Daily Herald opinion: A life-saving lesson: A Palatine teen’s training and heroics underscore the need to learn CPR
Serendipity certainly played a part in Rolling Meadows police Cmdr. Sam Mollenhauer surviving a near-fatal cardiac arrest this spring.
But before good luck put the right person in the right place at the right time, a middle-school class prepared an eighth-grader to do what too many of us cannot: perform CPR and — in this case — save a life.
Ethan Mollenhauer, then 13, was doing his homework at his family’s Palatine home on the afternoon of April 17 when he heard a crash. Moments later, he found his father, who hadn’t felt well that day, lying on the floor in an upstairs bedroom.
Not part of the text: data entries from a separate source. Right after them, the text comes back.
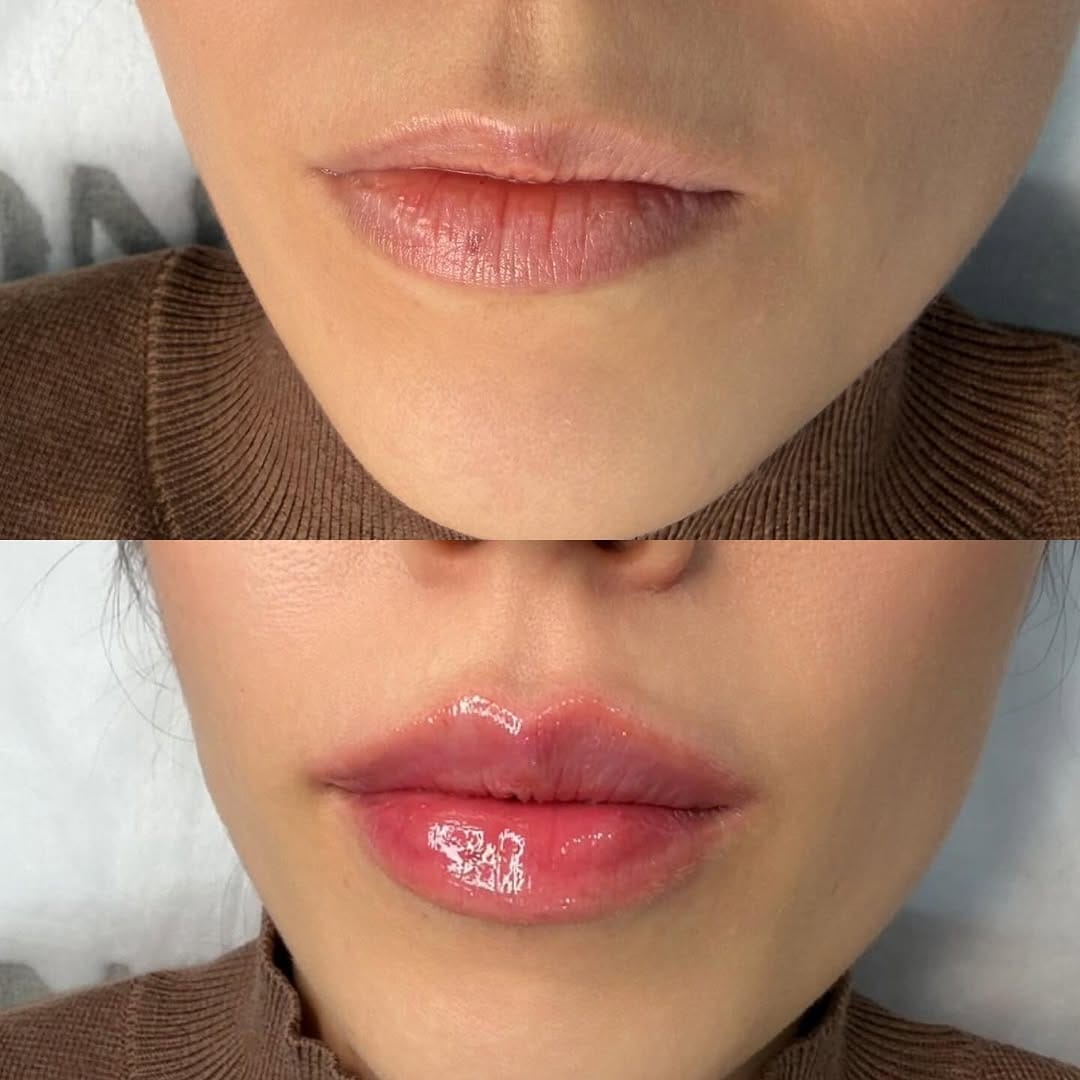 Post 1 by Dr.JEINA | Врач - КОСМЕТОЛОГ ЖЕЙНА 💉 ШЫМКЕНТ | АЛМАТЫ | ДУБАЙ on Instagram (image)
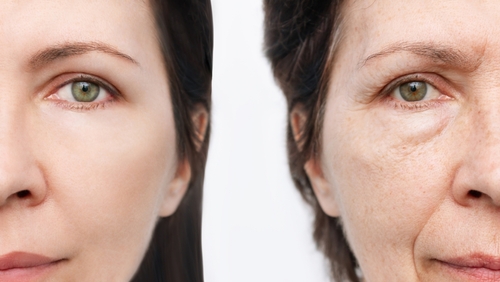 Comparison,Of,The,Face,Of,Young,And,Aged,Women.,Youth,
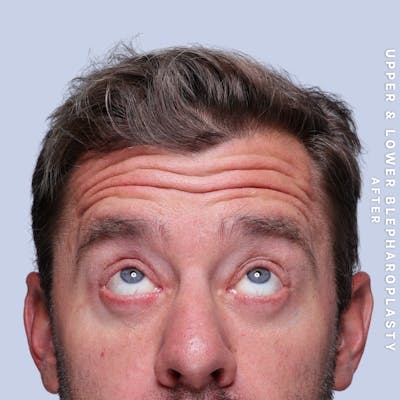 Eyes Before & After Gallery - Patient 125948 - Image 6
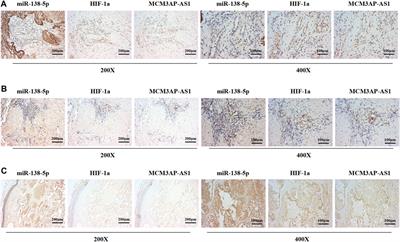 LncRNA-MCM3AP-AS1 Promotes the Progression of Infantile Hemangiomas by Increasing miR-138-5p/HIF-1α Axis-Regulated Glycolysis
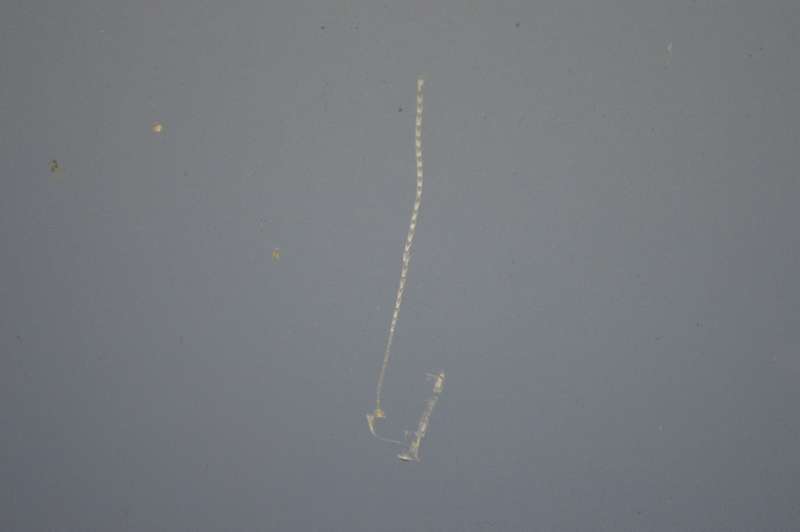 фото №4, Капот крышка двигателя голубой volvo v70 2 ii 00-07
Ethan called 911 and began performing CPR, a skill he’d learn just weeks earlier in an elective course at Thomas Jefferson Middle School in Hoffman Estates.
Here’s where the coincidences come in: Ethan only took the course, called Medical Detectives, because he couldn’t fit his first choice into his schedule. And he was home at the time only because school had let out early that day.
Even then, with Ethan’s aid, his father had only a 5% chance of survival, doctors told the family, as a result of a 100% arterial blockage that led to cardiac arrest. Without CPR before paramedics arrived, however, Ethan and his brother would have lost their dad and mom Kelly would have lost her husband.
“If he hadn't been in that class, this never would have had this outcome,” Kelly told our Charles Keeshan. “They don’t teach CPR to everybody. It's not in health, it's not in PE, it's only the kids who get in this class.”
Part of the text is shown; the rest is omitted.